My last irrational fear is beyond ridiculous. I'm 27 years old, and sadly embarrassed to even admit this fear. I have a horrible fear of aliens. I'm not really sure why, it's not like I've even seen an alien or have been abducted by aliens, but the thought of them seriously scares the life out of me. This is why I refuse to watch movies with aliens in them. When I saw the movie "The Signs" I was so scared when I went to bed, that I was shaking and it took me 4 hours before I went to sleep. Well now that I'm pregnant and I have to get up in the middle of the night, at least 2 to 3 times, I've become quite scared of walking in the dark and going to the bathroom. Again, 27 year old's should not be afraid of the dark, this is something a 5 year olds should be afraid of, but not a 27 year old! I'm afraid of the dark for the silliest reason, yes, I'm afraid aliens are going to come out of the darkness and get me. Again I know this is probably the silliest thing you've ever hear of, most people are not afraid of the dark or afraid of aliens for that mater. And it's not like aliens are going to come and get me, but yet I tip toe in the dark, hoping the darkness doesn't skew my perceptions as I'm in a half-asleep daze. Oddly I didn't have a fear that aliens were going to come at me in the middle of the night before I was pregnant, but somehow now that I'm pregnant, I've developed this silly fear, maybe because I have to walk around in the dark more, I don't know. I guess I could turn on the lights, but I don't want to wake up Matt.

OK, now I feel slightly ridiculous that I've shared my irrational fears, but I promise I do not need to seek professional help, it's just being pregnant has somehow made me super duper over protective, and all I want is a healthy baby boy or girl. So I don't want anything to happen to my baby, so I've developed these ridiculous fears that I hope and pray never come true. At least the getting abducted by aliens is the one less likely to happen out of the three.

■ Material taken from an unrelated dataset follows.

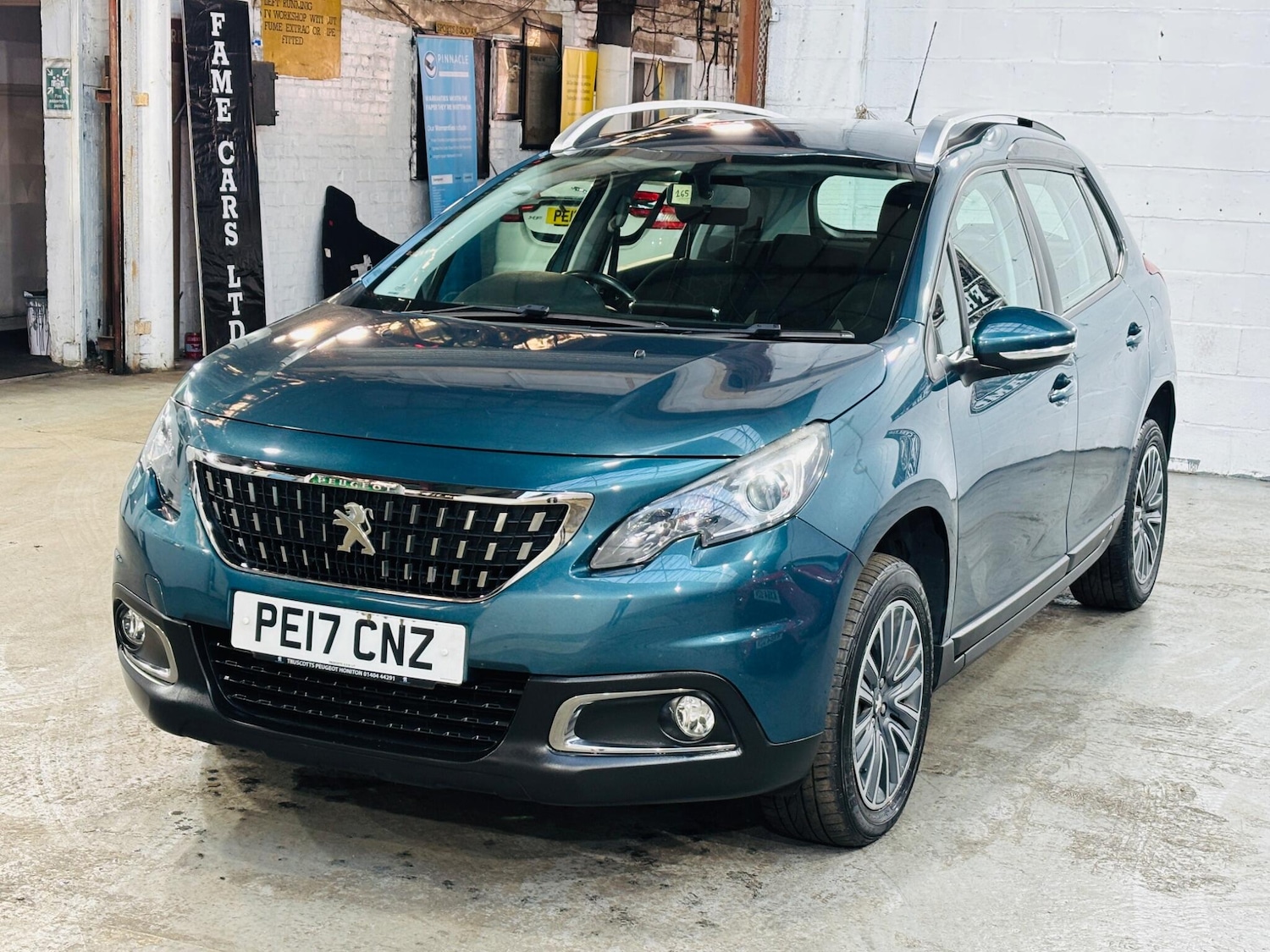 Used Peugeot 2008 2017 for sale - 76608199: Photo 4
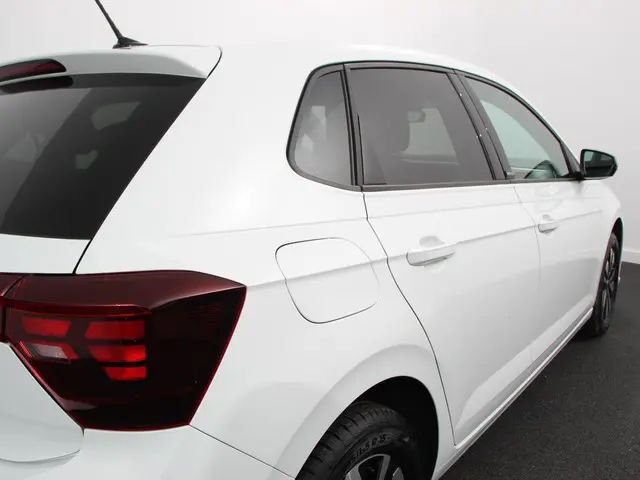 Volkswagen Polo 1.0 TSI Move 2024 Benzine 32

Don't worry these irrational fears haven't eaten me alive, most of the time, I just brush it aside, and laugh quietly to myself, thinking why am I even worried about this? The chances of it happening are highly unlikely. If nothing else I think it's good to be mentally prepared of the worst case scenario. I mean who knows maybe aliens will come and invade my house tomorrow. lol.

Saturday, September 24, 2011

Being pregnant means you're a delicate flower

Lately I've realize that being pregnant is somehow an handicap. Apparently being with child means I am a delicate flower that may crumble in pieces if your touch me. It's so weird how I am treated now that I'm pregnant. Being pregnant, I'm somehow missing out on all these fun things too. Now don't get me wrong, I know it's worth it all in the end, but while little baby bean is baking in the oven, I've somehow feel like being pregnant somehow makes me the outcast child that always gets left out of everything. OK maybe not necessarily left out of everything but definitely can't do the fun things because I'm pregnant, I almost feel the same way when I broke my leg twice. It made me appreciate my two legs, and being able to walk because having a broken leg I couldn't do anything. While I do have two working legs which is nice I still feel I can't do very much because I'm pregnant and apparently helpless.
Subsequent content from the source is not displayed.